Instructions for the task:
Beginning with the line that holds "adidas Men's Tall" in the data below, give again every line through the one that holds "WDIRARA Women's Sheer", exactly as written.

Entries taken from a collection:
• • • • • • •
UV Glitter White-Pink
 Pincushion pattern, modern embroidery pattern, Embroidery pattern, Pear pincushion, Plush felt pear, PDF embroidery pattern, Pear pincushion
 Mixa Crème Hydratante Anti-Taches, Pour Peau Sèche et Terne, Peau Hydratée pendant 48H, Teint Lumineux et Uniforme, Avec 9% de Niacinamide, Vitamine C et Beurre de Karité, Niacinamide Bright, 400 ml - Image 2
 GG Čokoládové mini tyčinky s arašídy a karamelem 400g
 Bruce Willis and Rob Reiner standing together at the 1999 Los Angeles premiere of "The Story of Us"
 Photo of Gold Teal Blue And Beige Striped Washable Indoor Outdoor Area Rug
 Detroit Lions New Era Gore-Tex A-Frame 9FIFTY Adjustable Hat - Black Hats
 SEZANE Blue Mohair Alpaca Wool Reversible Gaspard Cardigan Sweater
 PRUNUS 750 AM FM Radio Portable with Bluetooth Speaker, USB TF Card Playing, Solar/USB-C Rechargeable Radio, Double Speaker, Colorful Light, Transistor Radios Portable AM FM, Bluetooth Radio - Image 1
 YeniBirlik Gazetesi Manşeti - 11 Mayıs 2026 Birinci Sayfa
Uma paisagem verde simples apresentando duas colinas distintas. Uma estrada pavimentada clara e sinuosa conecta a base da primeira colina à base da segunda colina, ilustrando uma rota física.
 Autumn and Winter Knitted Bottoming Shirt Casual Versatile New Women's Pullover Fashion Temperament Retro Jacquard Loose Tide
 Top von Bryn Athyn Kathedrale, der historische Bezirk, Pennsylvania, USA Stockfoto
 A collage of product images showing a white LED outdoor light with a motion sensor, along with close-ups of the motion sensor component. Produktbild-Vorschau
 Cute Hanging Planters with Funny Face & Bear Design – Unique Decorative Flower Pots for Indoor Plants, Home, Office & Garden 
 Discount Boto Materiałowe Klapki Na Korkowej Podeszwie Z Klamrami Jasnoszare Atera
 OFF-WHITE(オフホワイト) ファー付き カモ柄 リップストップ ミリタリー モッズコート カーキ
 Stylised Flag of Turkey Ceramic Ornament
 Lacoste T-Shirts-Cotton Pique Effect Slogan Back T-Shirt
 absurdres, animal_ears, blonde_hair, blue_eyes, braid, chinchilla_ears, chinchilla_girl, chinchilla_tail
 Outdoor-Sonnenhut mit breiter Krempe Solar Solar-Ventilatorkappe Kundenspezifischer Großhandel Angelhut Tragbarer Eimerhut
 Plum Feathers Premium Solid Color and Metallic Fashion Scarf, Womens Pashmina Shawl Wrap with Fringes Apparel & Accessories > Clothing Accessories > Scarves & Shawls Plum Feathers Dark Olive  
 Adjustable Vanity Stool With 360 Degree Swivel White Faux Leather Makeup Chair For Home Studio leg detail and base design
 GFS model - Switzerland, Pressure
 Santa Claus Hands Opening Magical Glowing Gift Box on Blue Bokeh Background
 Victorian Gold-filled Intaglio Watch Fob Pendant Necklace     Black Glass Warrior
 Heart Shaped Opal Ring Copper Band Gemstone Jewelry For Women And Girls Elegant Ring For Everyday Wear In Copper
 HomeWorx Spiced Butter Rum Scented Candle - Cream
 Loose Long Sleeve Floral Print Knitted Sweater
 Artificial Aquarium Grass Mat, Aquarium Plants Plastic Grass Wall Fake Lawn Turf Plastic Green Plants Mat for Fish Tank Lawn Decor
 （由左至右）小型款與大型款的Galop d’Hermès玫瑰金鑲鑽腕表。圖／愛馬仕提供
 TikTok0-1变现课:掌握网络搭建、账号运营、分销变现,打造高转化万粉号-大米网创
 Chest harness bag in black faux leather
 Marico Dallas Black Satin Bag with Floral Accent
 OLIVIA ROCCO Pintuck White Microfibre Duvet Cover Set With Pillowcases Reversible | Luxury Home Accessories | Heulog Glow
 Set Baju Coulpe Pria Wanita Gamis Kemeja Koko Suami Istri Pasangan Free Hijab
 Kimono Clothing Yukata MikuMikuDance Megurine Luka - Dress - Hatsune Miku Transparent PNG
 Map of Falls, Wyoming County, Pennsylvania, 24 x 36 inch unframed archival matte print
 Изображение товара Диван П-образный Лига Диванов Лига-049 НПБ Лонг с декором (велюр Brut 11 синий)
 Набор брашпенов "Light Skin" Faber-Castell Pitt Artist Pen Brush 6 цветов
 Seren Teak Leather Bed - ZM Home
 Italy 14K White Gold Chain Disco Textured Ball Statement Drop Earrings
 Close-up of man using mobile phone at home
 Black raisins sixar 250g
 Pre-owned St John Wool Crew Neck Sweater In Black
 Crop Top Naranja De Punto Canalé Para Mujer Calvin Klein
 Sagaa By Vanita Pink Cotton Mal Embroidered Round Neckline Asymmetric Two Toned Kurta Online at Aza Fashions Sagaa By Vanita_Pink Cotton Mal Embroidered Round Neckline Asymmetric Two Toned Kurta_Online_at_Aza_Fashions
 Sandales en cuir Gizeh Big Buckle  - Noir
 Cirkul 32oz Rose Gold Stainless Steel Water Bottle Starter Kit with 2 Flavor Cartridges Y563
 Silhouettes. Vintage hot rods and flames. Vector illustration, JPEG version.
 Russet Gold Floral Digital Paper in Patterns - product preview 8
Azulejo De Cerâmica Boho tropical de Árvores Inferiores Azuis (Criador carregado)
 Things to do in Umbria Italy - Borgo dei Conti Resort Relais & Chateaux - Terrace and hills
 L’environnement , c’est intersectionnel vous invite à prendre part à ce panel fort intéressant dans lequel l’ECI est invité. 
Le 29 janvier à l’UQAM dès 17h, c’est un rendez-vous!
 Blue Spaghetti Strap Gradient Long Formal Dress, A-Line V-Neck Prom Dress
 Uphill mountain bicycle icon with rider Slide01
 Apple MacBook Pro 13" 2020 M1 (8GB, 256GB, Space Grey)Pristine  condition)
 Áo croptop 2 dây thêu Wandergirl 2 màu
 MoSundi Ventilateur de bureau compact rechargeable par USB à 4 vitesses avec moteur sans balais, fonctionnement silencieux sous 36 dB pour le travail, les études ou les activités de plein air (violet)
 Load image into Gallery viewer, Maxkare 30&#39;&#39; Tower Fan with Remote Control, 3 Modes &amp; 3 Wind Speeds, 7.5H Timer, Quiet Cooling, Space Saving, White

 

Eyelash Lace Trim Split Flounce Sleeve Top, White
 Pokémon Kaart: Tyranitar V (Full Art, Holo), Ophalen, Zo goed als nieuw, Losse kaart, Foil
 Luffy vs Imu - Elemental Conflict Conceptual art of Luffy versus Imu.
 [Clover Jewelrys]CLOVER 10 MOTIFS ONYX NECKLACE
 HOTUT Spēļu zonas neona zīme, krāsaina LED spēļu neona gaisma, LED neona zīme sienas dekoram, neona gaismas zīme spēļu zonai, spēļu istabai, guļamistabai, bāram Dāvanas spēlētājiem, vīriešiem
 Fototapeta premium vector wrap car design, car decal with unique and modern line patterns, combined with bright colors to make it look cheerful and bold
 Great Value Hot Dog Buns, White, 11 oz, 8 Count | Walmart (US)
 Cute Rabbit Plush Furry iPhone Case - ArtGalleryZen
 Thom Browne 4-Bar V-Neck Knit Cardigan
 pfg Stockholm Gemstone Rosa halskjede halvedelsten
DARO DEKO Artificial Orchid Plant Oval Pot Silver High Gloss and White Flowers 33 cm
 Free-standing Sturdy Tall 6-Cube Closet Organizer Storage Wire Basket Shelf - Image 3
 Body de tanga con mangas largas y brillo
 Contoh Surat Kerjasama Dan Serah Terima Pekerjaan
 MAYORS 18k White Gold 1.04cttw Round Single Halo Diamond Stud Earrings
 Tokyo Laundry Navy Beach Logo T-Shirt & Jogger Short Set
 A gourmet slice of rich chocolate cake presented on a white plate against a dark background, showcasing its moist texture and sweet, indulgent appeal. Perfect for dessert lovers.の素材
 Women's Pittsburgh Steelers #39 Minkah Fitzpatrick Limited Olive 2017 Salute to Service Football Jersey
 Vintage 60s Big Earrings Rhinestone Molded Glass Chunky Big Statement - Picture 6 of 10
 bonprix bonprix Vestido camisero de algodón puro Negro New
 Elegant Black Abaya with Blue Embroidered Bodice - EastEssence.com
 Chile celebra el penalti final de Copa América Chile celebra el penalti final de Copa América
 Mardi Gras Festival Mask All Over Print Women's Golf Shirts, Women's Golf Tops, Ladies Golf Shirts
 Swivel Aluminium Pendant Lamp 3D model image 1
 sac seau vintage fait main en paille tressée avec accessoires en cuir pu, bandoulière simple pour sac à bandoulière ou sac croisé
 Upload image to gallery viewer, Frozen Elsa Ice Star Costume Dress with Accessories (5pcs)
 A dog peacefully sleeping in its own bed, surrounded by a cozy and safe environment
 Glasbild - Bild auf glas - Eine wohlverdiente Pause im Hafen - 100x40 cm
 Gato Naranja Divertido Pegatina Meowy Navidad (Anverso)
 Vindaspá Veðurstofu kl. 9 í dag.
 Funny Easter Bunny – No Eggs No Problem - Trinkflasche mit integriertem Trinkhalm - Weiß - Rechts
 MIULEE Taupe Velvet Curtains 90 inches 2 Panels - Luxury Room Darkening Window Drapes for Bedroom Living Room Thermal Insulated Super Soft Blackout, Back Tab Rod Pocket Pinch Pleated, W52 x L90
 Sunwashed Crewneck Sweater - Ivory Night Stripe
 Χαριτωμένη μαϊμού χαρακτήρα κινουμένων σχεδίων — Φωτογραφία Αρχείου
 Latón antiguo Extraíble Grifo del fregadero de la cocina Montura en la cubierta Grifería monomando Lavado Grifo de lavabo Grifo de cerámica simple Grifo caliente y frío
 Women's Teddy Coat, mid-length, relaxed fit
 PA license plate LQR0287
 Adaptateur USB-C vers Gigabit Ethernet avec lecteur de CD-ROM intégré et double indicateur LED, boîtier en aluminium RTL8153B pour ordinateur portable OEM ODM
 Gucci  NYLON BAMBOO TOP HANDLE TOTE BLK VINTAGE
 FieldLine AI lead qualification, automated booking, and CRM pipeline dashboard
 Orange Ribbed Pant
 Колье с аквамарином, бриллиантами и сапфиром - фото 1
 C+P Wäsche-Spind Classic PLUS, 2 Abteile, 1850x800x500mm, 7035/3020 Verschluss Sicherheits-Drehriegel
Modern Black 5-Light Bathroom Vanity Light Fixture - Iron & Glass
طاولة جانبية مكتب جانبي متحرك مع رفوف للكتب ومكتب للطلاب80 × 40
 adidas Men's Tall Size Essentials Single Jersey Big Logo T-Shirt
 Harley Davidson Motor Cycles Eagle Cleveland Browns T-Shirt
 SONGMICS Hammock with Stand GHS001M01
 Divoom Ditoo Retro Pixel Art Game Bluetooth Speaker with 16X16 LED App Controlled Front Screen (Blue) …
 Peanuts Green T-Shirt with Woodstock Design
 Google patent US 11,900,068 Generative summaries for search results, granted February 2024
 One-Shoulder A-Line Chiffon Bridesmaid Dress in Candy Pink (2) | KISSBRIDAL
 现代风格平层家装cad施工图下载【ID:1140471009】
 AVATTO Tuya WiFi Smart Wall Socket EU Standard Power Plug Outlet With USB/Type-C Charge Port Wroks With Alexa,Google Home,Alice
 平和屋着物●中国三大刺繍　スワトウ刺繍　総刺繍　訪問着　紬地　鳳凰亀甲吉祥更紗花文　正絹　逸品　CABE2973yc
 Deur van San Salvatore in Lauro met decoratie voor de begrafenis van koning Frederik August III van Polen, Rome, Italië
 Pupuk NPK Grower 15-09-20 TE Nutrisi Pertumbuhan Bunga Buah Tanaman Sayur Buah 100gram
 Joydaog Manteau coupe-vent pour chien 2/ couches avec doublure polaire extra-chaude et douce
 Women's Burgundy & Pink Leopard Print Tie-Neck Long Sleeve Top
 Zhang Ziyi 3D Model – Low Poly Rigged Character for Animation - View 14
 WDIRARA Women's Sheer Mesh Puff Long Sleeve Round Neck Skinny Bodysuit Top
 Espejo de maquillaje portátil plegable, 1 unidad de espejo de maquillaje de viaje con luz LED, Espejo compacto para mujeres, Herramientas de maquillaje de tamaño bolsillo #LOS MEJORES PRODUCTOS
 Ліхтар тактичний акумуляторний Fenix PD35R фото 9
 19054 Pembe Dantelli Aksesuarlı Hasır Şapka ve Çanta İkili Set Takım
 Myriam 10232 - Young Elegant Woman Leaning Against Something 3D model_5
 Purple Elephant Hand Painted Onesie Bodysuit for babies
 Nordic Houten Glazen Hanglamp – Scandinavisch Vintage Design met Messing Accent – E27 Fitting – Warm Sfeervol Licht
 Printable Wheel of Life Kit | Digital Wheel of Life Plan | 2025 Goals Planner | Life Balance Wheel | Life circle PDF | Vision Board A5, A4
• • • • • • •
Expected answer:
 adidas Men's Tall Size Essentials Single Jersey Big Logo T-Shirt
 Harley Davidson Motor Cycles Eagle Cleveland Browns T-Shirt
 SONGMICS Hammock with Stand GHS001M01
 Divoom Ditoo Retro Pixel Art Game Bluetooth Speaker with 16X16 LED App Controlled Front Screen (Blue) …
 Peanuts Green T-Shirt with Woodstock Design
 Google patent US 11,900,068 Generative summaries for search results, granted February 2024
 One-Shoulder A-Line Chiffon Bridesmaid Dress in Candy Pink (2) | KISSBRIDAL
 现代风格平层家装cad施工图下载【ID:1140471009】
 AVATTO Tuya WiFi Smart Wall Socket EU Standard Power Plug Outlet With USB/Type-C Charge Port Wroks With Alexa,Google Home,Alice
 平和屋着物●中国三大刺繍　スワトウ刺繍　総刺繍　訪問着　紬地　鳳凰亀甲吉祥更紗花文　正絹　逸品　CABE2973yc
 Deur van San Salvatore in Lauro met decoratie voor de begrafenis van koning Frederik August III van Polen, Rome, Italië
 Pupuk NPK Grower 15-09-20 TE Nutrisi Pertumbuhan Bunga Buah Tanaman Sayur Buah 100gram
 Joydaog Manteau coupe-vent pour chien 2/ couches avec doublure polaire extra-chaude et douce
 Women's Burgundy & Pink Leopard Print Tie-Neck Long Sleeve Top
 Zhang Ziyi 3D Model – Low Poly Rigged Character for Animation - View 14
 WDIRARA Women's Sheer Mesh Puff Long Sleeve Round Neck Skinny Bodysuit Top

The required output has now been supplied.